Assuming that your sprites occupy sets of tiles that are rectangles (if they occupy arbitrary sets, then you cannot draw the correctly at all in the general case), the problem is that there is no total order relation between the elements, so you cannot sort them using a sort that would result in O(nlogn) comparisons.
Note that for any two objects A and B, either A should be drawn before B (A <- B), B should be drawn before A (B <- A) or they can be drawn in any order. They form a partial order. If you draw yourself a few examples with 3 overlapping objects, you may notice that the even though the 1st and the 3rd object may not overlap, thus not having a direct dependency, their drawing order depends on the 2nd object that's between them - depending how you place it, you will obtain different drawing orders. Bottomline - traditional sorts don't work here.
One solution is to use the comparison (mentioned by the Dani) and compare each object to each other object to determine their dependencies and form a dependency graph (which will be a DAG). Then do a topological sort on the graph to determine drawing order. If there aren't too many objects, this may be fast enough (it's O(n^2)
).
Another solution is to use a (for balancing - pseudo) quad tree and store the rectangles of all objects into it.
Then iterate through all the objects X, and use the quad tree to check if there are any objects Y in the stripe above the object X which starts with the leftmost and ends with the rightmost corner of object X - for all such Y, Y <- X. Like this, you will still have to form a graph and sort topologically.
But you can avoid it. You use a list of objects Q, and a table of objects T. You iterate all the visible slots from smaller to bigger values on the x-axis (one row), going row by row on the y-axis. If there is a bottom corner of an object at that slot, do the procedure above to determine dependencies. If an object X depends on some other object Y that is partly above it (Y <- X), and every such Y is already in Q, add X to Q. If there is some Y which is not in Q, add X to T and denote that Y <- X. Every time you add an object to Q, you remove dependencies of objects pending in T. If all dependencies are removed, an object from T is moved to Q.
We are assuming that object sprites don't peek out of their slots on the bottom, the left or the right (only at the top, like trees in your picture). This should improve performance for a large number of objects. This approach will again be O(n^2)
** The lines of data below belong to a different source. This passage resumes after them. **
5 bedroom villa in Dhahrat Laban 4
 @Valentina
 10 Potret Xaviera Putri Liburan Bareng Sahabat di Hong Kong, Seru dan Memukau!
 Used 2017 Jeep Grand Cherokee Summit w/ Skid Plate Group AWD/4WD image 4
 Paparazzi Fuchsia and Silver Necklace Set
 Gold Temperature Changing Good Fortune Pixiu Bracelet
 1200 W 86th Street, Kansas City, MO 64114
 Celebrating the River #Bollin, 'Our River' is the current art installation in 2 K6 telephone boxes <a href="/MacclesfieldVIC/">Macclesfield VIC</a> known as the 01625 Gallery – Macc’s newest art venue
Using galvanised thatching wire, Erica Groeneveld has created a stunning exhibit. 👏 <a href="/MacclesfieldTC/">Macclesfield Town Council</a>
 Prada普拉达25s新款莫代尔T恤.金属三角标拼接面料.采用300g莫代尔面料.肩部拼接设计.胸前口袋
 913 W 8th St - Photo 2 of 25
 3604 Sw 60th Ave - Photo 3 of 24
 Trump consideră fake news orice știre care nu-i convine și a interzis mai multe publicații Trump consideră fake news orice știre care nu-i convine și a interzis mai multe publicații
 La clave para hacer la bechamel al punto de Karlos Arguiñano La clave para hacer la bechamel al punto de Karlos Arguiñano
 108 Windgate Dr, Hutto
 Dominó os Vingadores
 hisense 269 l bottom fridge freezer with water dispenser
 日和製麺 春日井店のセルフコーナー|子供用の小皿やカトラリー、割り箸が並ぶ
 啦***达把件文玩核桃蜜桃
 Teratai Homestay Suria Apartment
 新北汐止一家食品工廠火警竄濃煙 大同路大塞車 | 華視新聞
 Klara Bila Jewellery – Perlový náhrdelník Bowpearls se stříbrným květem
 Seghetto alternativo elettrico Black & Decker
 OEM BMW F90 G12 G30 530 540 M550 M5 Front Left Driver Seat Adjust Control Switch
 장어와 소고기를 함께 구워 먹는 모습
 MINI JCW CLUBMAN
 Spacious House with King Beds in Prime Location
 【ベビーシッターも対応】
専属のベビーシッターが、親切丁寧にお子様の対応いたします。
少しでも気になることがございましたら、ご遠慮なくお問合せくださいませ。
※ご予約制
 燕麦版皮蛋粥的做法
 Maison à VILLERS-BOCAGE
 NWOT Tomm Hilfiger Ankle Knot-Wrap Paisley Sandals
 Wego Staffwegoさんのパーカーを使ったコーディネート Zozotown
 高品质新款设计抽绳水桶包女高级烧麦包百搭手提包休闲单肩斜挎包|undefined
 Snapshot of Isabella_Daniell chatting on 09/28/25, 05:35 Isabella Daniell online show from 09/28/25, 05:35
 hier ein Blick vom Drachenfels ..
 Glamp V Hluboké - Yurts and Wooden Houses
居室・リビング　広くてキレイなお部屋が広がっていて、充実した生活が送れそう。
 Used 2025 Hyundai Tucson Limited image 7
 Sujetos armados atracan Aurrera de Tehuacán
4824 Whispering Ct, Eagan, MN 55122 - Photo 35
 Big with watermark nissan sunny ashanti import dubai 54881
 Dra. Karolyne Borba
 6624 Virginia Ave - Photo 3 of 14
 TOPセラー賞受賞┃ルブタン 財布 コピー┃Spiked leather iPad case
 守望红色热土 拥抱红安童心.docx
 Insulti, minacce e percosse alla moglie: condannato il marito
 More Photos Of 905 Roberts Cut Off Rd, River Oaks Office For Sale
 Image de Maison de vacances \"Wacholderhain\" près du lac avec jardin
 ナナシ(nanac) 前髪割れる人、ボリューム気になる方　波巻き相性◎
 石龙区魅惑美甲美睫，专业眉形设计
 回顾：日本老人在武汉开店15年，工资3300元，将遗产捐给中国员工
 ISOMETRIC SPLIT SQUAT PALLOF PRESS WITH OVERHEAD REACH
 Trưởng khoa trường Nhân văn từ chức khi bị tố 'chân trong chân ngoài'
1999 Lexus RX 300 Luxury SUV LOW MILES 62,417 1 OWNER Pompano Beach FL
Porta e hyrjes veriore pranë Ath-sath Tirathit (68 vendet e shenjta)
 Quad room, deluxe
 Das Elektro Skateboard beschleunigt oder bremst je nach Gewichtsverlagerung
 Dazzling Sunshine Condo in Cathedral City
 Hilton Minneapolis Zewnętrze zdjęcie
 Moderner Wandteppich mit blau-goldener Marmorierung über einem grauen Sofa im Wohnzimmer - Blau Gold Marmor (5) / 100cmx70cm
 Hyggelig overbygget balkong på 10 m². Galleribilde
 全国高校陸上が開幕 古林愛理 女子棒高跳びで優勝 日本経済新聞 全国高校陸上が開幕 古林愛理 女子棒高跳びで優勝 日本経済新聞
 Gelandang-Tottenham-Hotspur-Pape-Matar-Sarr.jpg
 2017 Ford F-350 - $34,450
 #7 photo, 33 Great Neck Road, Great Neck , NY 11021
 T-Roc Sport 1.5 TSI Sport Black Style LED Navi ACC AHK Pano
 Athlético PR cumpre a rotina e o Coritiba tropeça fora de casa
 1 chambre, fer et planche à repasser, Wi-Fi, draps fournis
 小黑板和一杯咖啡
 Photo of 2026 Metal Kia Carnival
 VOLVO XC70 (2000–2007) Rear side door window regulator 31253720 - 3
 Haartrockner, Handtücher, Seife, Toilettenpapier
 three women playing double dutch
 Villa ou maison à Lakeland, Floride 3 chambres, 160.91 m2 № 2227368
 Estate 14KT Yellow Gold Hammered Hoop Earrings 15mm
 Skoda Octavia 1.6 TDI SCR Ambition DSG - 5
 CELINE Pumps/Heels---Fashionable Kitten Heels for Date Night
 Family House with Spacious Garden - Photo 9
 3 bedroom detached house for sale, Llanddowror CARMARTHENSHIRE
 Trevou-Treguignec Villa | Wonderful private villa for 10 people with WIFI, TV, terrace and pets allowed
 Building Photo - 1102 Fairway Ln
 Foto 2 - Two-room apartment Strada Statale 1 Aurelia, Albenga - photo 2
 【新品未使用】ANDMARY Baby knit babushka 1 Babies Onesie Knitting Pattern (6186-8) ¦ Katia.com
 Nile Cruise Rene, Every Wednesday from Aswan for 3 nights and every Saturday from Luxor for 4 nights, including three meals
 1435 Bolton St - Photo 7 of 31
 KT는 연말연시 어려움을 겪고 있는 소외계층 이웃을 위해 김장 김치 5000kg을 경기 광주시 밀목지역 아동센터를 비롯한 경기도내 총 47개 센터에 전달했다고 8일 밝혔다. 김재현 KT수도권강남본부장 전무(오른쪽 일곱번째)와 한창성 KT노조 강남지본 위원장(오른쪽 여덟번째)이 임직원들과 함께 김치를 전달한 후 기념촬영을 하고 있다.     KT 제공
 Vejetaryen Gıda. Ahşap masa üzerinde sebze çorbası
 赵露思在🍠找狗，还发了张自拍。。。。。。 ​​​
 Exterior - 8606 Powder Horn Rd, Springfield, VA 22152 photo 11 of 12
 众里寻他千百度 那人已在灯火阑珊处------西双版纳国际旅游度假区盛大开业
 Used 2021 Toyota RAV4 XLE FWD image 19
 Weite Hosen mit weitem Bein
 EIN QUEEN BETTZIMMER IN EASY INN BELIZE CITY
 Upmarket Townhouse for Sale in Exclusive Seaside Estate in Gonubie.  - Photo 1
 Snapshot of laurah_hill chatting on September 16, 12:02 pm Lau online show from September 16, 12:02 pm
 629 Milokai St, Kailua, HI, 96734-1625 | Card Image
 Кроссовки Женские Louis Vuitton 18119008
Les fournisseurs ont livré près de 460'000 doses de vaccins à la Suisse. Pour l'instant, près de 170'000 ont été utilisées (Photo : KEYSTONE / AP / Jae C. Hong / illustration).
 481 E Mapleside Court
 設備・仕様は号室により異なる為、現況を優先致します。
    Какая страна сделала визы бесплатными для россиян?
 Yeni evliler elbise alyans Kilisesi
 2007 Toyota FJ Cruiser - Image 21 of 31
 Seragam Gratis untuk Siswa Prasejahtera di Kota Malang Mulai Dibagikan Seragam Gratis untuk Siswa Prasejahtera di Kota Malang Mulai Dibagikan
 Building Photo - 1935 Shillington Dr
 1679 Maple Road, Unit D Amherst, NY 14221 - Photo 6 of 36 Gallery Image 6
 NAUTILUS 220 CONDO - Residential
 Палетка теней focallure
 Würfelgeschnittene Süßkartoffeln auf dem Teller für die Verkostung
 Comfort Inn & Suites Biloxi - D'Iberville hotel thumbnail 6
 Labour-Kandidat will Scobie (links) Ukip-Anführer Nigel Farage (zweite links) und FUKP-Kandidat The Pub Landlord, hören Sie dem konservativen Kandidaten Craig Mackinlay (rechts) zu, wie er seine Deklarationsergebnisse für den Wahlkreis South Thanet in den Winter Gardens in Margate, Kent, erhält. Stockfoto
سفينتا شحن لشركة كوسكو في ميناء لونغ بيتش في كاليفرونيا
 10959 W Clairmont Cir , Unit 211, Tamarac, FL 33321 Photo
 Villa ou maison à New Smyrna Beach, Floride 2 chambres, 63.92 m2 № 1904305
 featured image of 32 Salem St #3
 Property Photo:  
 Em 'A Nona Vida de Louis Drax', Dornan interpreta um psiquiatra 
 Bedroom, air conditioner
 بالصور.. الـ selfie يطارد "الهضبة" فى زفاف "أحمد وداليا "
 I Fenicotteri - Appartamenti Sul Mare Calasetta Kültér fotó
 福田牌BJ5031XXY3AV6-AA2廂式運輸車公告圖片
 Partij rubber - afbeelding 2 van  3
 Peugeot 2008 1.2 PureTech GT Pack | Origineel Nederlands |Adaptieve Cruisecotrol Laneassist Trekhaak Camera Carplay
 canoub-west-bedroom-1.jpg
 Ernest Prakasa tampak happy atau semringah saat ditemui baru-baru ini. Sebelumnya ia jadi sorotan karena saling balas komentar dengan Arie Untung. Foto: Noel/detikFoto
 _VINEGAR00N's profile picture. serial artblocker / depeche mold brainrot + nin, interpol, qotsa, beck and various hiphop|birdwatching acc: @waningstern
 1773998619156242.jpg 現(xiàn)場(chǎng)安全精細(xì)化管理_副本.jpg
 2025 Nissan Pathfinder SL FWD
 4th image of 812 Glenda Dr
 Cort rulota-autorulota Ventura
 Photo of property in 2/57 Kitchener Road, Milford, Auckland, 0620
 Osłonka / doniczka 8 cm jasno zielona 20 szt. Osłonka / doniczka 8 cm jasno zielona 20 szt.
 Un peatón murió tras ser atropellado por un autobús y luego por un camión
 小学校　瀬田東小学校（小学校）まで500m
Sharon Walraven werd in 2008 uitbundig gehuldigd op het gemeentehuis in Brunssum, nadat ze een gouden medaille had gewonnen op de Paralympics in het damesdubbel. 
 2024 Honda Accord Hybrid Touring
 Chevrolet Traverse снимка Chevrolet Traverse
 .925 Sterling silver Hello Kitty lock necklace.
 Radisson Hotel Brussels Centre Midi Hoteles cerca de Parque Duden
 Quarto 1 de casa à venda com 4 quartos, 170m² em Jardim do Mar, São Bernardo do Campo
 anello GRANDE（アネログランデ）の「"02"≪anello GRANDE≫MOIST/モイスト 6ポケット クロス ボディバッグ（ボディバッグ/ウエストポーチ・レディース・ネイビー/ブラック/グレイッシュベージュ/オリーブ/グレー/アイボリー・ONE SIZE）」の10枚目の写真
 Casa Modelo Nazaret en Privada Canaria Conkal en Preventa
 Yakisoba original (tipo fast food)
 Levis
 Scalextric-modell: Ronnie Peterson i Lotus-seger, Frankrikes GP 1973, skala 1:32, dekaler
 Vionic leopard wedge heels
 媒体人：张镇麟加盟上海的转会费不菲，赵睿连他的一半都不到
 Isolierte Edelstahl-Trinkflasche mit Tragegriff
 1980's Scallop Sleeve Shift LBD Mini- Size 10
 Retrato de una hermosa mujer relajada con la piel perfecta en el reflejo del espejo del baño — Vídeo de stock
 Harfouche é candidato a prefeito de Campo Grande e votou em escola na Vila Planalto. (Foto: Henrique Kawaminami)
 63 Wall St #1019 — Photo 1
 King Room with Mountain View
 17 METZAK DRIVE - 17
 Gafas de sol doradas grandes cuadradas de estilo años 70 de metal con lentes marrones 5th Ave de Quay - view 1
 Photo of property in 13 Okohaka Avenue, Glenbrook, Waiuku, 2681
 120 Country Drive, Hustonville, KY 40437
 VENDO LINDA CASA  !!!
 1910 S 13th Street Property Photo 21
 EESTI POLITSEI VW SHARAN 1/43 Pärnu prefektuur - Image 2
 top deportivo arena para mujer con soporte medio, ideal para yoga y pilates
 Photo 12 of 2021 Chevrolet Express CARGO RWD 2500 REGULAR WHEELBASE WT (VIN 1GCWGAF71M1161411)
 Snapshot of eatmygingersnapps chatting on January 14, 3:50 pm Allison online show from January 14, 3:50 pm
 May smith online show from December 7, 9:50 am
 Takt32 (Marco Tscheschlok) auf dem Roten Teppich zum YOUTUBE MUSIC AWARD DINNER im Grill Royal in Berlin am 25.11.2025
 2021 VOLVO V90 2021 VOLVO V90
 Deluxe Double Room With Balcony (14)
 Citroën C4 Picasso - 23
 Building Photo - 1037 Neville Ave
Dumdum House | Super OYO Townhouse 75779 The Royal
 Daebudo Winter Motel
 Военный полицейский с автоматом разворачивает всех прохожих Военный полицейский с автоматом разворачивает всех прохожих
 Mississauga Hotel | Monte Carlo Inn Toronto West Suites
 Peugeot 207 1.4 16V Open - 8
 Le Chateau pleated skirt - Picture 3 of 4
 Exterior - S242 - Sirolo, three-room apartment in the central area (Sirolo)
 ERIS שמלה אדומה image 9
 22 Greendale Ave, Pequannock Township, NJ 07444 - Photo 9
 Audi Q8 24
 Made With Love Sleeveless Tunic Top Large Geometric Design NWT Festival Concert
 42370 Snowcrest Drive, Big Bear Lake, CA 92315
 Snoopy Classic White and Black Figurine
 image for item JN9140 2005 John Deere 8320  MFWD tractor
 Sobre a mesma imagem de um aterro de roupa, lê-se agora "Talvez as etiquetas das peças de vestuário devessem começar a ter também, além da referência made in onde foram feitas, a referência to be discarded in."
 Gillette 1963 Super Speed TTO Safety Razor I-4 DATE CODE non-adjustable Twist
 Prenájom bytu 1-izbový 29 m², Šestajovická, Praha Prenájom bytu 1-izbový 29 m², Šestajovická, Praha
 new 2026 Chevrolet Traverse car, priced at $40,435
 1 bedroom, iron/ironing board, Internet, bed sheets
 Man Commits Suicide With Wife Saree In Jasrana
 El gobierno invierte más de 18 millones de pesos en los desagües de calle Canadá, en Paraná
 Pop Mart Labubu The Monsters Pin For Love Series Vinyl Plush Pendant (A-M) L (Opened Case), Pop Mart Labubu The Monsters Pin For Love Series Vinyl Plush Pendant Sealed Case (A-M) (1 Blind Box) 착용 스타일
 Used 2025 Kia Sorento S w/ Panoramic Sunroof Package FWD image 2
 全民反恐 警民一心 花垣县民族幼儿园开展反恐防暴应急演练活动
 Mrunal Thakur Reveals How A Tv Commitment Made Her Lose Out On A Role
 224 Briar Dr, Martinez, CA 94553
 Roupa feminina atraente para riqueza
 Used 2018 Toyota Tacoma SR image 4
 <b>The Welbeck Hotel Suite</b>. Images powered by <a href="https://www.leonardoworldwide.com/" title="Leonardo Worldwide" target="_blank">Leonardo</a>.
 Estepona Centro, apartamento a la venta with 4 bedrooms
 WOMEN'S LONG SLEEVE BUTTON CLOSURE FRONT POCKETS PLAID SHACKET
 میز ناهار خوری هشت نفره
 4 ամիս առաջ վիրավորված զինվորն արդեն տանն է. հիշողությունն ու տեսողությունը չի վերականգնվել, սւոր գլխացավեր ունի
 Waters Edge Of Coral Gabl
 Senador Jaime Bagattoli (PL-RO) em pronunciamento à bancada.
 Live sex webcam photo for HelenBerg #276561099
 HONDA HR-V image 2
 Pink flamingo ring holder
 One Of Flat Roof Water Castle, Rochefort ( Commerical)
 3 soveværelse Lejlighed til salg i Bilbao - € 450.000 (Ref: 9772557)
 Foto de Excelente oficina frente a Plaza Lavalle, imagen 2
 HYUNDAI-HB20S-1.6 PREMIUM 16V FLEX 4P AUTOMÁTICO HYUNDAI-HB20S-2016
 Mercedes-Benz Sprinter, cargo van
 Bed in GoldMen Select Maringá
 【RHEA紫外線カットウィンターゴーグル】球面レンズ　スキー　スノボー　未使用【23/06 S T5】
, but only in the worst case which includes weird sized objects and/or weird configurations of objects. In most cases, it's O(n * logn * sqrt(n))
. Knowing the height of your sprites can eliminate the sqrt(n)
, because you don't have to check the entire stripe above. Depending on the number of objects on the screen, you may try replacing the quad tree with an array indicating which slots are taken (makes sense if there are many objects).